Seminars in Cell & Developmental Biology. Academic Press, 2018.
Link
Viruses infect their human hosts by a series of interactions between viral and host proteins, indicating that detailed knowledge of such virus-host interaction interfaces are critical for our understanding of viral infection mechanisms, disease etiology and the development of new drugs. In this review, we primarily survey human host-virus interaction data that are available from public databases following the standardized PSI-MS format.
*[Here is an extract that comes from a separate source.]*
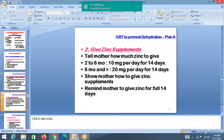Zinc supplementation: less than 2 months — no zinc. 2 months to 6 months — 10 mg per day for 14 days. 6 months and above — 20 mg per day for 14 days. Once you start zinc, you must continue for 14 days even if the child becomes normal.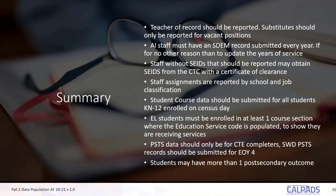Your PSTS data should only be for your CTE completers. Special education students who have a post-secondary survey are reported in year four. Students may have one or more post-secondary outcome, and vendors have been modifying their systems to accommodate that. If your vendor does not allow you to submit more than one post-secondary outcome for a student, you can log in to CALPADS and use the user interface to add additional outcomes.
Notably, available host-virus protein interaction information is strongly biased toward a small number of virus families including herpesviridae, papillomaviridae, orthomyxoviridae and retroviridae. While we explore the reliability and relevance of these protein interactions we also survey the current knowledge about viruses functional and topological targets. Furthermore, we assess emerging frontiers of host-virus protein interaction research, focusing on protein interaction interfaces of hosts that are infected by different viruses and viruses that infect multiple hosts. Finally, we cover the current status of research that investigates the relationships of virus-targeted host proteins to other comorbidities as well as the influence of host-virus protein interactions on human metabolism.